(Records for the exercise Opens)

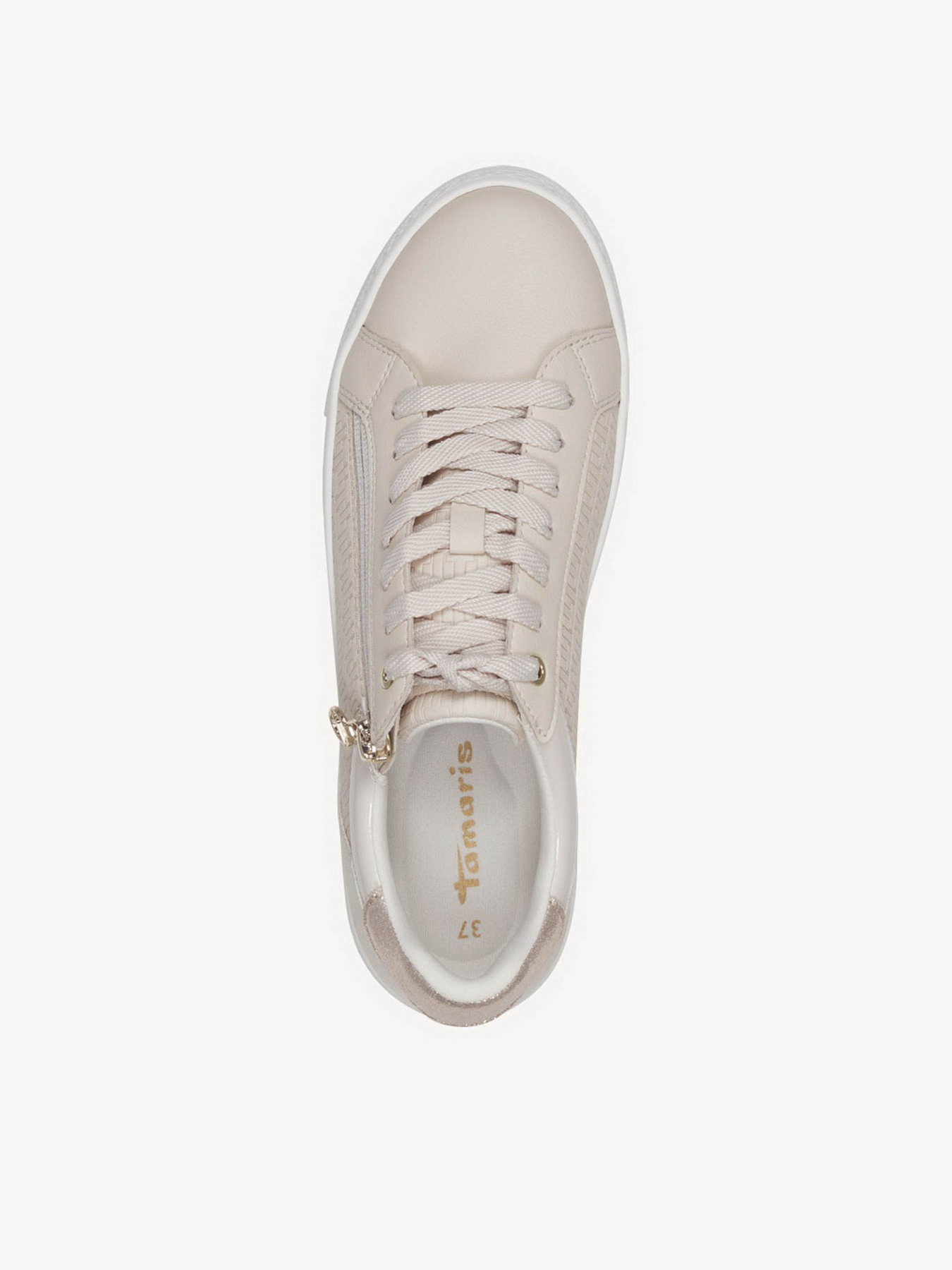 Кеди низькі Tamaris модель 1-23313-41-485 Фото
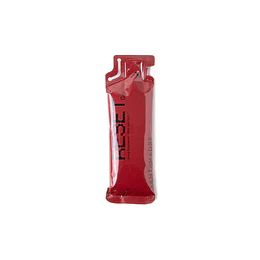 (unidad) Gel Energético Reset, Santa Madre 
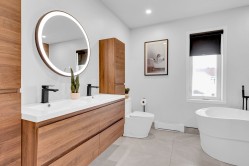 Bathroom - 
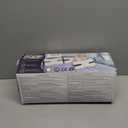 SAHEYER AntiSnoring Pillow for Side Sleepers, Stop Snore Aid with Memory Foam, Orthopedic Pillow for Sleeper, Snoring Solution and Remedy, AntiSnore Devices, Black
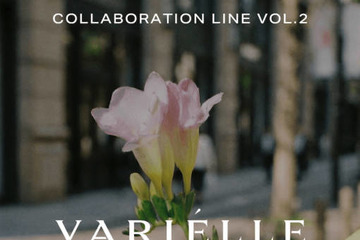 YonYon×ヴァリエル、コラボジュエリーイベントを3月20日に渋谷で開催。音楽とダンスが交錯する特別な夜 画像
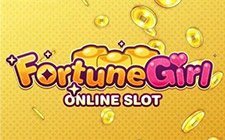 Игровой автомат Fortune Girl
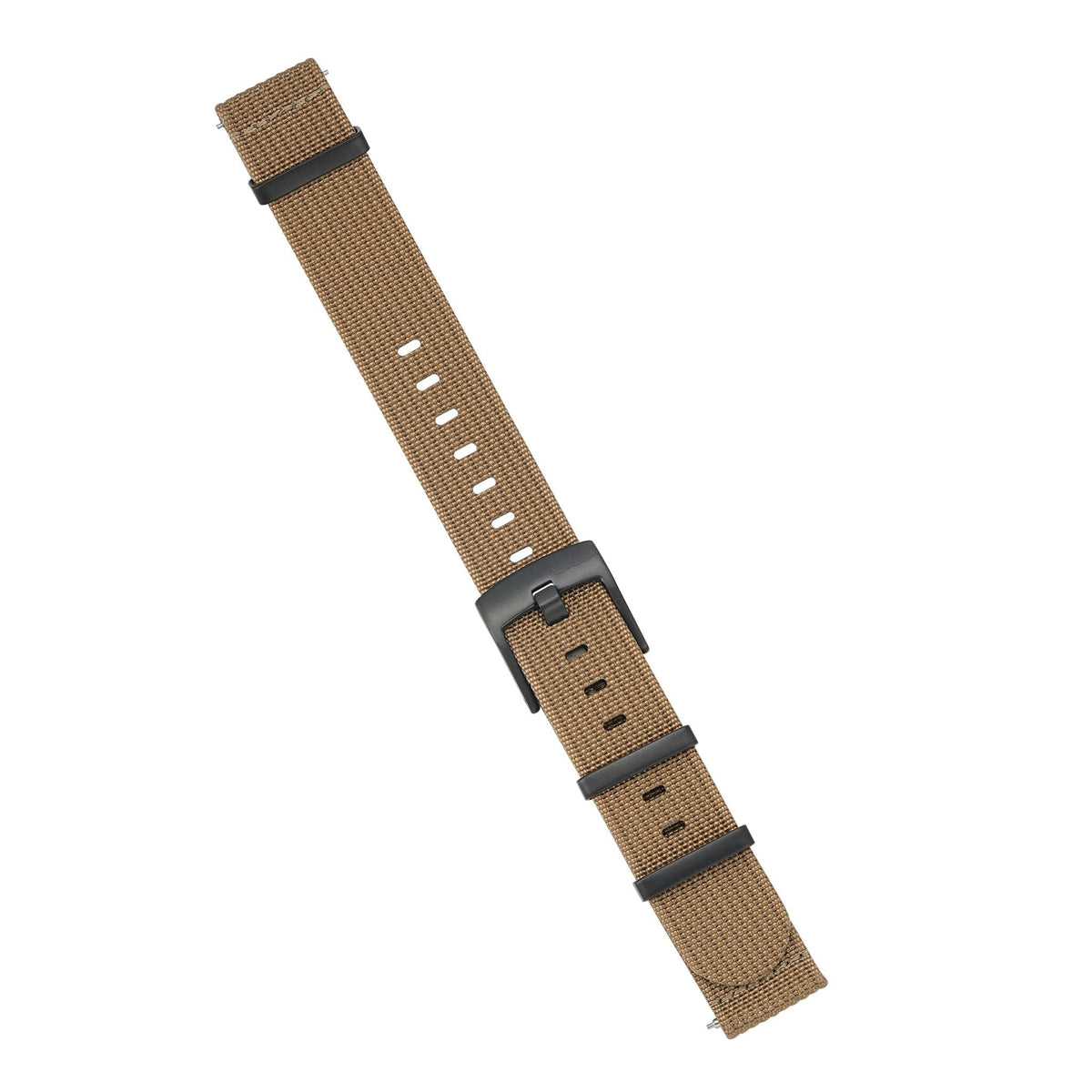 Ribbed Mako FN - Khaki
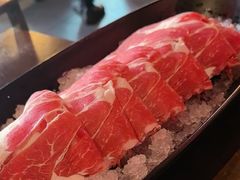 -捞王猪肚鸡火锅(昆山店)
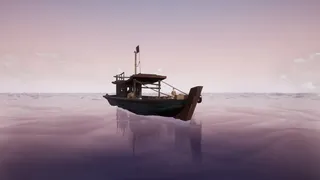 Скриншот 3 к игре The Kraken Wakes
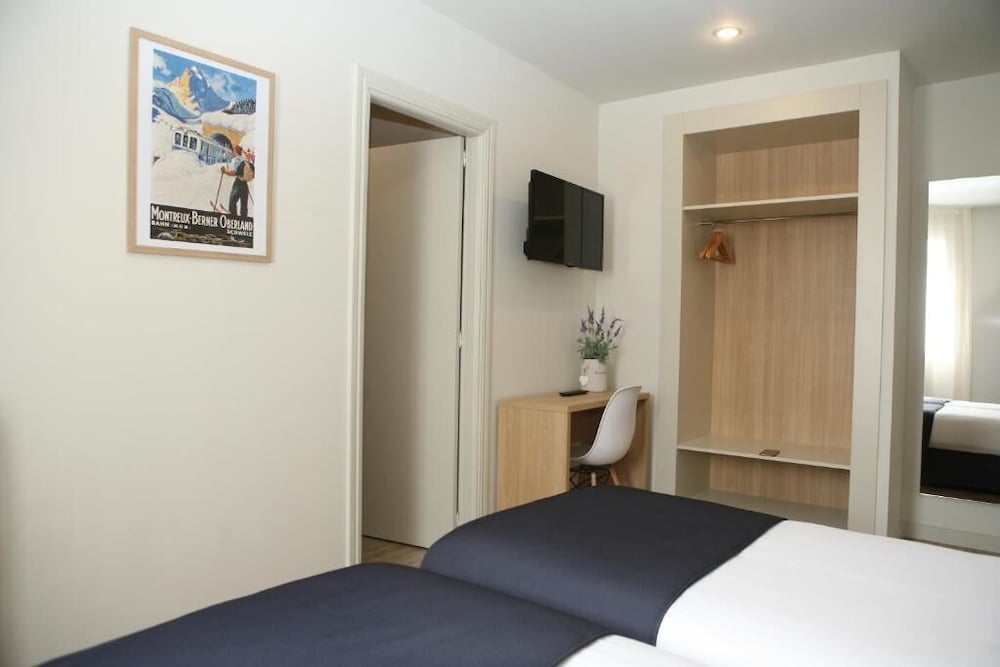 Triple Room photo 3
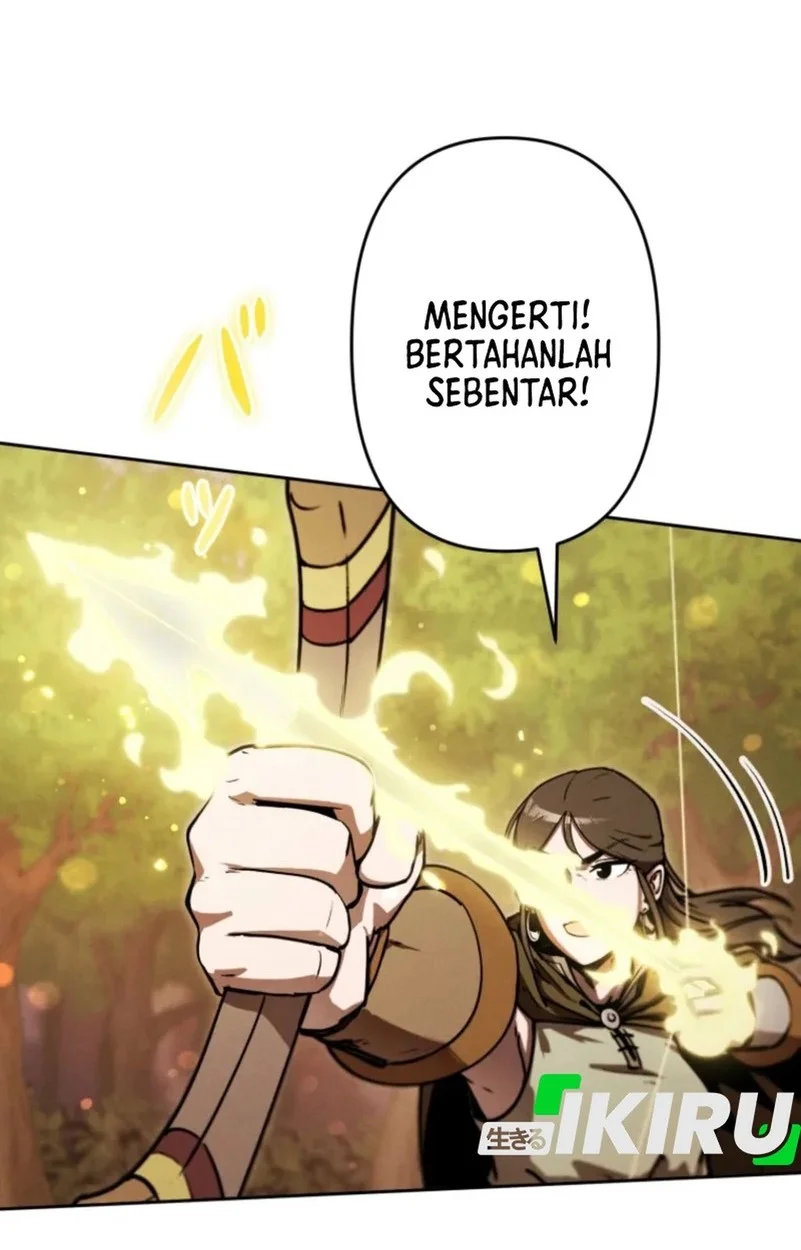 Reincarnated as the Strongest Monster Eater: Revenge on the Tyrant Dragon Chapter 20 - halaman 7
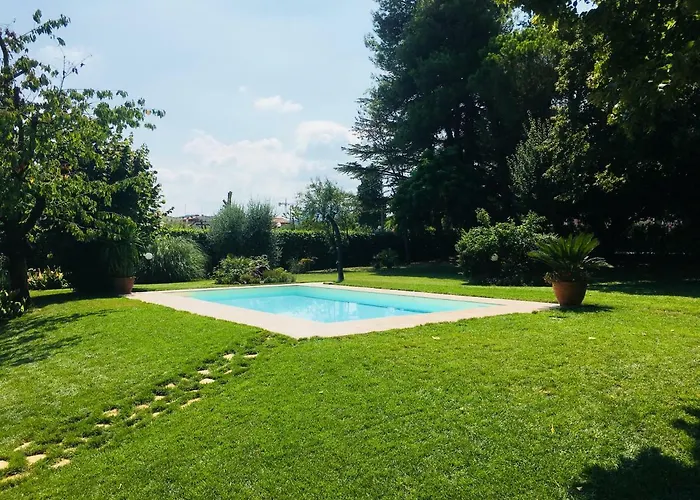 Vakantiehuis Casa Carlotta *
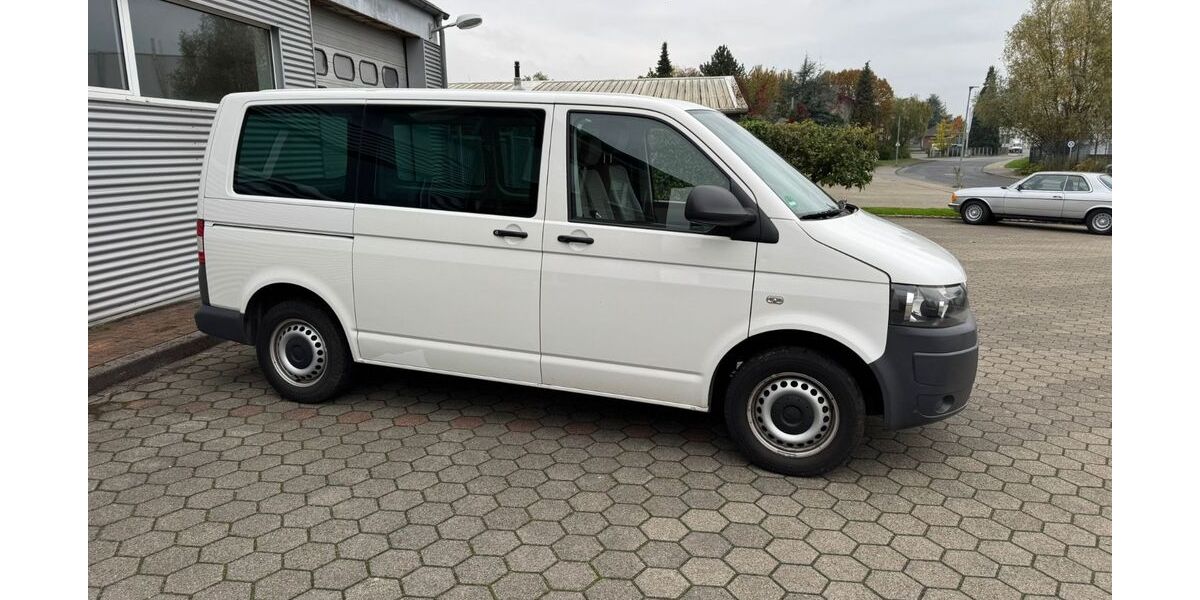 VW T5 Transporter 167.000 km 9.282 &euro; Bochum 44807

(Records for the exercise Closes)

# Task goal
Without the pictures, give all the records above again exactly.

# Your response
 Кеди низькі Tamaris модель 1-23313-41-485 Фото
 (unidad) Gel Energético Reset, Santa Madre 
 Bathroom - 
 SAHEYER AntiSnoring Pillow for Side Sleepers, Stop Snore Aid with Memory Foam, Orthopedic Pillow for Sleeper, Snoring Solution and Remedy, AntiSnore Devices, Black
 YonYon×ヴァリエル、コラボジュエリーイベントを3月20日に渋谷で開催。音楽とダンスが交錯する特別な夜 画像
 Игровой автомат Fortune Girl
 Ribbed Mako FN - Khaki
 -捞王猪肚鸡火锅(昆山店)
 Скриншот 3 к игре The Kraken Wakes
 Triple Room photo 3
 Reincarnated as the Strongest Monster Eater: Revenge on the Tyrant Dragon Chapter 20 - halaman 7
 Vakantiehuis Casa Carlotta *
 VW T5 Transporter 167.000 km 9.282 &euro; Bochum 44807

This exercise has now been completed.